I think you have a different framing of the problem most people excited about WASM have. It is not about talking directly to the hardware, just getting speed gain like you are. So this component idea seems to be coming from out of the blue and indicates to me you haven't paid webassembly much attention until now.
Getting a bytecode that works more like common real machines will be a real performance boon. It doesn't need to match perfectly, it just needs to be similar enough, minimalistic and better than what we have now. The 'simple enough' part makes translation to native machine code easy enough and the minimal makes it easy for standards adoption. As for beating what we have now, you should read the article, because right now its javascript or nothing at all, and anything even vaguely more like a real machine can be optimized better than javascript.

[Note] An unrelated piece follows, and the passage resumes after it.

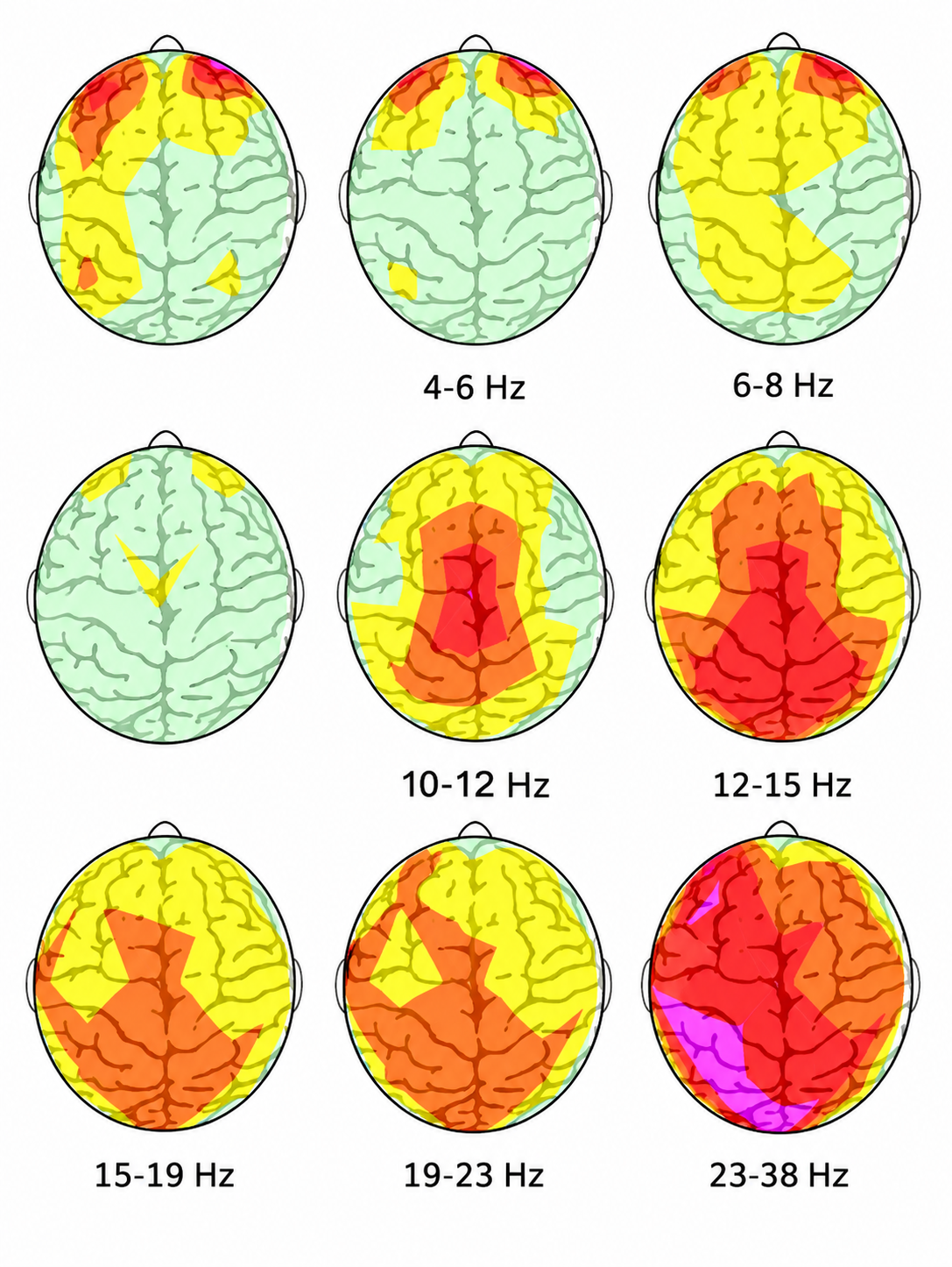 Mapas de análisis QEEG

Also, currently Chrome and Firefox support it. Currently Edge and Safari both support it in preview versions of the browsers. I am not sure where you are coming when you say "there is hardly an agreed-upon standard so far" because the four largest browser manufacturers have agreed enough to have 4 different working products or demos. Perhaps you could expand on that to let me know what you or if your information might have been old.
For example, I just googled briefly for the Chrome WASM platform status and to quote directly, "WebAssembly is in the early stages of language and spec design."
Although I would love to have a working model of WASM to play with, the fact is that it is a fresh idea and that any spec you see today will not be around in five years.
Wanting WASM to look like C/C++ is so hilariously misguided that I wonder if any programmers have been paying attention to language evolution in the past 5 decades.
Yes, Javascript is the best we can do at the moment, and that is truly sh. I do not disagree. My latest progress with regards to that is using something that compiles to JS, but there is still the indefatigable issue of having to use Javascript.
To me, WASM is an initiative to redesign the language behind the screen, and anything short would be inadequate because Javascript already does almost everything, just in an incredibly roundabout, piecemeal, poorly evolved way.
So, you are right in assuming I have not been paying attention to the news in the world of Web ASM, but I must also appeal to your logic and say that any of the news you read now is just theoretical debate. Maybe I should take up my issues with the language designers, as that may prove more fruitful.
Last night I tried a web assembly demo of Ogre3d, an open source 3d rendering engine. It worked in Chrome and Firefox. (I will put the link here after work, it is sitting in my personal email)
Whatever you are reading about the spec is not lining up with the reality of progress. We have two implementations now.
I encourage you to read the article, it is a decent primer for someone with your apparent level of knowledge. I assure you web assembly is not an attempt to replace javascript or make javascript look like C/C++, though you imply you believe such when you say things like "Wanting WASM to look like C/C++ is so hilariously misguided". I am not sure how language design factors into, if someone were so inclined they could compile JS to Wasm and have similar performance gains if the compiler optimized well.
Wasm is about nothing more than performance and they have nailed it. It is very fast compared to javascript, though it is slower than the C or C++ compiled to a native executable.
Getting a bytecode that works more like common real machines will be a real performance boon. It doesn't need to match perfectly, it just needs to be similar enough, minimalistic and better than what we have now. The 'simple enough' part makes translation to native machine code easy enough and the minimal makes it easy for standards adoption. As for beating what we have now, you should read the article, because right now its javascript or nothing at all, and anything even vaguely more like a real machine can be optimized better than javascript.
Also, currently Chrome and Firefox support it. Currently Edge and Safari both support it in preview versions of the browsers. I am not sure where you are coming when you say "there is hardly an agreed-upon standard so far" because the four largest browser manufacturers have agreed enough to have 4 different working products or demos. Perhaps you could expand on that to let me know what you or if your information might have been old.